The term reality TV is quite promising insofar as it suggests a footing in and a reflection of the world in which we all live. It becomes apparent pretty quickly though that we are dealing with the reality of some other species, a parallel reality perhaps.

Is there another civilisation that I don’t know about living on this planet, one we never see or encounter, who don’t share anything with us apart from one thing - they watch TV. They don’t participate in our world in any other way, but they all have cable subscriptions - this is it, this has got to be the target market.

Because nobody I know or know of, is of the opinion that watching a show in which busty blond Samantha who once went out with a fella who went to school with John Terry “wins” by virtue of being able to eat more dung beetles than a chap who once had a walk on part in Byker Grove is first rate entertainment.

It in fact provides a new basis for refusing to pay the TV licence - “but you don’t produce any programs for my species”. I’d like to see a Circuit Court judge’s reaction to that defence if you were to really dig your heels in and trust the judiciary to arrive at the only morally acceptable outcome. “I find in favour of the defendant based entirely on his wholly plausible contention that your product is aimed at other life forms”

Producing shows such as Failte Towers and Living with Lucy is considered by the powers that be in RTE to be preferable to putting money into the nurturing of real talent or worthwhile drama and documentary programmes. When I first heard the term Reality TV, I in my naiveté assumed that it was in fact a new, most likely American, way of describing a documentary. RTE don’t have funding issues they have misappropriation issues.

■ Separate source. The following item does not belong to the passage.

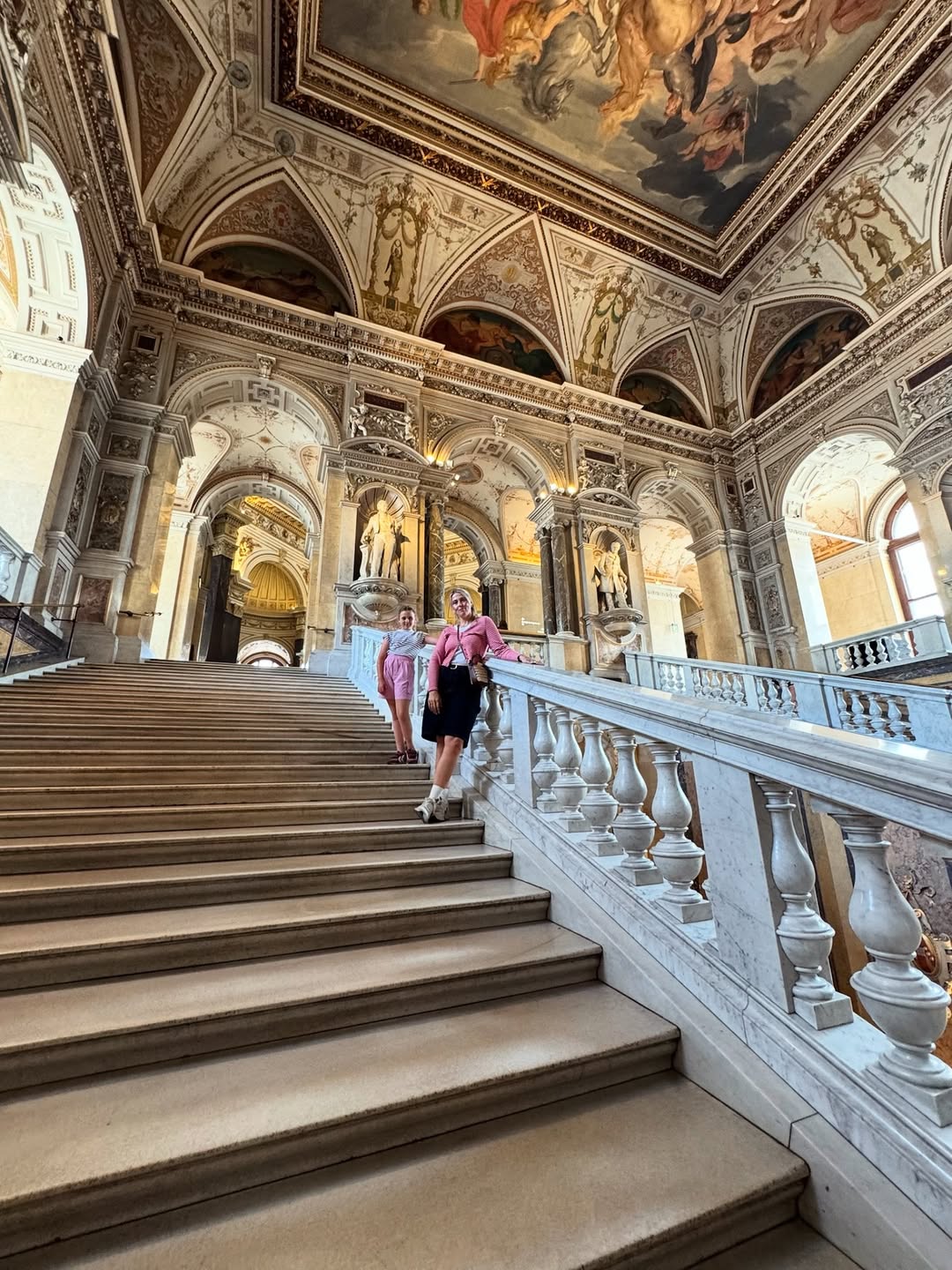 🌞VIENNA🌞
#kulturfüralle #birthdayprincess #familyausflug❤️ #vienna #wien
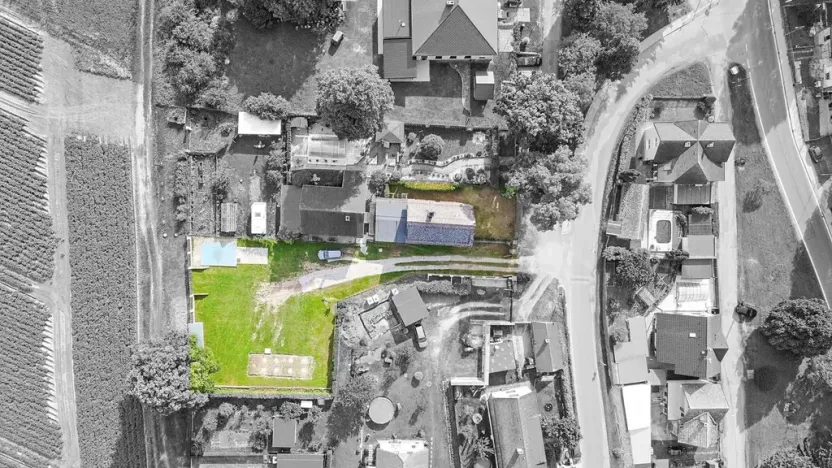 Prodej pozemku pro bydlení, Plužná, 1209 m2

I’m sure I’m not alone in being able to remember a time when Channel Four was good, their flagship show now is called Celebrity Big Brother. My Sky package gives me half a dozen American evangelical channels but not BBC Three or Four, two channels whereon you would harbour some faint hope of coming across something connected to planet earth. It took a forty minute phone call one day to reconfigure my setup and squeeze them in between Living +12 and Men & Motors.

You, like myself, probably have a lot of little jobs around the house that you keep meaning to take care of but never quite do. The niggly things that started out small but have evolved into gargantuan, epic tasks and grow by the second. I’m talking about the pollyfilla for the hole in the kid’s bedroom wall, the new handle for the kitchen cabinet, hanging the timber shelves that have been propped in a corner unopened since last Easter.

Well let me share a motivational technique I discovered recently that will help you to reclaim your realm from the demons of procrastination. 1.Throw a few logs on the fire, get a cup of tea, sit down, make yourself comfortable and grab the TV remote. 2. Try to find something that a reasonable, rational, sane person would find enlightening or entertaining. 3.Nothing on the first circuit? Try again. Repeat three times.

Now turn off the TV, sit back for a moment and ponder this. Which is the more enticing - climbing into the attic to lag the water pipes or sitting through an hour of Fat Teenagers Can’t Hunt? Exactly.

Now I’m prepared to admit that this could be my fault; that somehow I’m not tuned into the zeitgeist or am even participating in the same consciousness as everybody else. I after all live a fairly sheltered existence in rural Ireland and know only trivial things, for example that milk comes from cows or that Sacramento is the capital of California.

And in all likelihood it’s knowledge like that which is putting me at a disadvantage. Could it be that I know too much to enjoy reality TV or that on the other hand I don’t know enough about the right things ? I think I’m safe in saying that everybody I know is aware that milk comes from cows also and none of them enjoy reality TV either.

All this time me and my ilk have been in pursuit of the wrong kind of knowledge, in our misguided quest for useful and worthwhile pieces of information we have firewalled ourselves from the primal glee to be derived from watching someone very few people have heard of scream racist abuse at someone even fewer people have heard of on live television.

There are I’m sure large swathes of the population that are similarly out of the loop when it comes to this issue. It is in fact a splendid idea for a reality TV show - “Skinny Culchies Don’t Know Reality TV”. Bear with me. We could be assigned a series of tasks in which we are required to re enact legendary scenes from seminal reality shows or reproduce famous lines of dialogue uttered by participants, and the public could vote off those of us who do it unsatisfactorily or unconvincingly.

There could be a three person judging panel who would provide insightful tips and constructive criticism as the weeks progressed. Bill Cullen, Grainne Seoige and Bertie Ahern. Because there’s nobody knows show business like Bertie knows show business. The good cop bad cop routine. Bill could provide the hard nosed put downs while Bertie could as always be everybody’s friend with Grainne entrusted with the casting (e) vote when the situation, or the viewing figures required it. Bertie, having spent the last decade as the lead in a never ending pantomime should have a particular aptitude for such a setting.

I’m a Homo Sapien, Get me out of Here.